O Ministério Público Federal em Chapecó (SC) ingressou, nesta quarta-feira (14/7), com ação penal contra três pessoas acusadas de extrair, comercializar e transportar árvores nativas.

A operação denominada Gralha Azul é feita conjuntamente entre o Ibama, Polícia Federal e MPF para proteger espécies nativas ameaçadas de extinção.

Em maio de 2004, um proprietário rural informou que havia plantado 412 pés de pinheiro brasileiro em sua propriedade de 56 hectares, na região de Marechal Bormann, em Chapecó.

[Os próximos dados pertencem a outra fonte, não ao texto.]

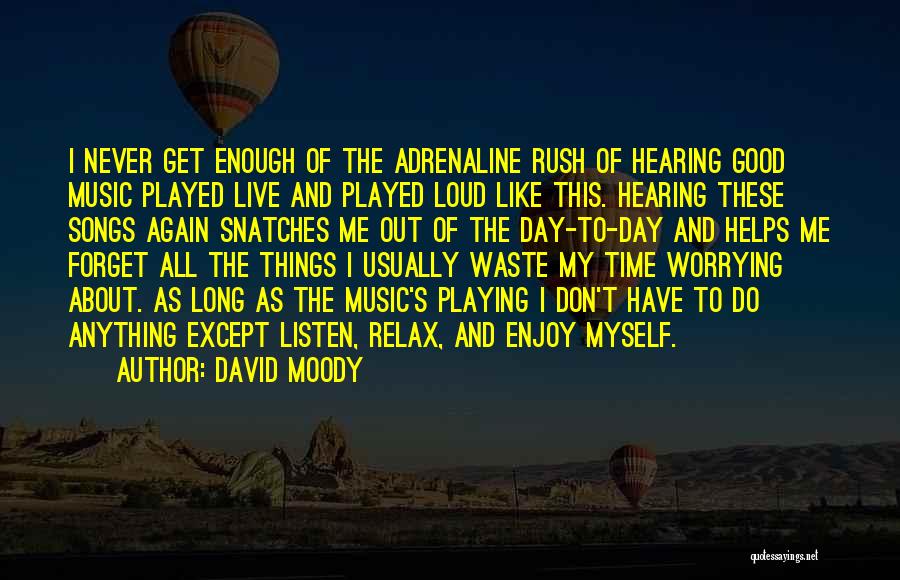 Live Music Quotes By David Moody
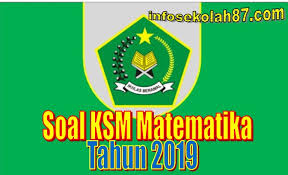 Soal ksm mi 2017 tingkat kabupaten dan pembahasannya. Contoh Soal Ksm Matematika Mts Tahun 2020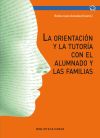 Orientación y tutoría con el alumnado y las familias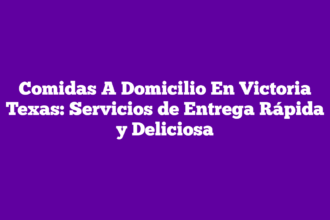 Comidas A Domicilio En Victoria Texas: Servicios de Entrega Rápida y Deliciosa
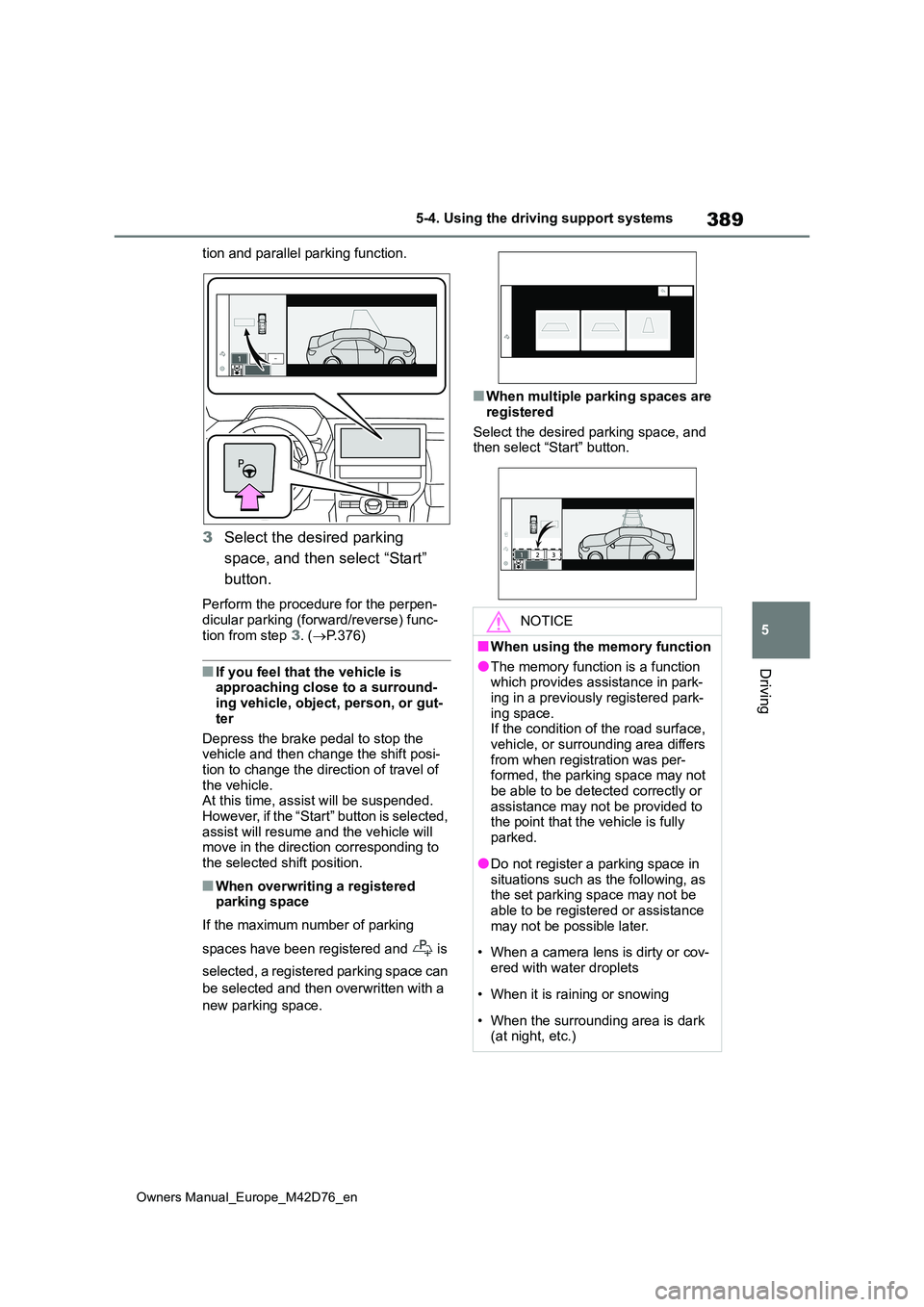 TOYOTA BZ4X 2022 (in English) Manual PDF 389
5
Owners Manual_Europe_M42D76_en
5-4. Using the driving support systems
Driving
tion and parallel parking function.
3Select the desired parking
space, and then select “Start”
button.
Perfo TOYOTA BZ4X 2022 (in English) Manual PDF 389
5
Owners Manual_Europe_M42D76_en
5-4. Using the driving support systems
Driving
tion and parallel parking function.
3Select the desired parking
space, and then select “Start”
button.
Perfo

Na verdade, a declaração era falsa: tratavam-se de espécies nativas, protegidas por legislação ambiental.

Um engenheiro agrônomo, também denunciado na ação, firmou a declaração do proprietário em documento público ao elaborar o projeto de retirada dos “pinheiros” da propriedade de Nadaletti.

Em Anotação de Responsabilidade Técnica, o engenheiro agrônomo atestou que a extração era de manejo florestal, ou seja, de árvores plantadas e não de floresta nativa. Com as falsificações em mãos, um dono de madeireira informou ao Ibama que procederia ao corte e transporte dos “pinheiros”.

O desmate ocorreu em junho deste ano, no período de queda de sementes, e recaiu sobre uma espécie ameaçada de extinção, a araucária angustifólia.

Naquele mesmo mês, policiais federais e fiscais do Ibama, durante a Operação Gralha Azul, prenderam em flagrante o proprietário rural, que acompanhava a derrubada das árvores pelos funcionários da Madeireira Oeste. Na ocasião, foi encontrado um caminhão carregado de toras de araucária.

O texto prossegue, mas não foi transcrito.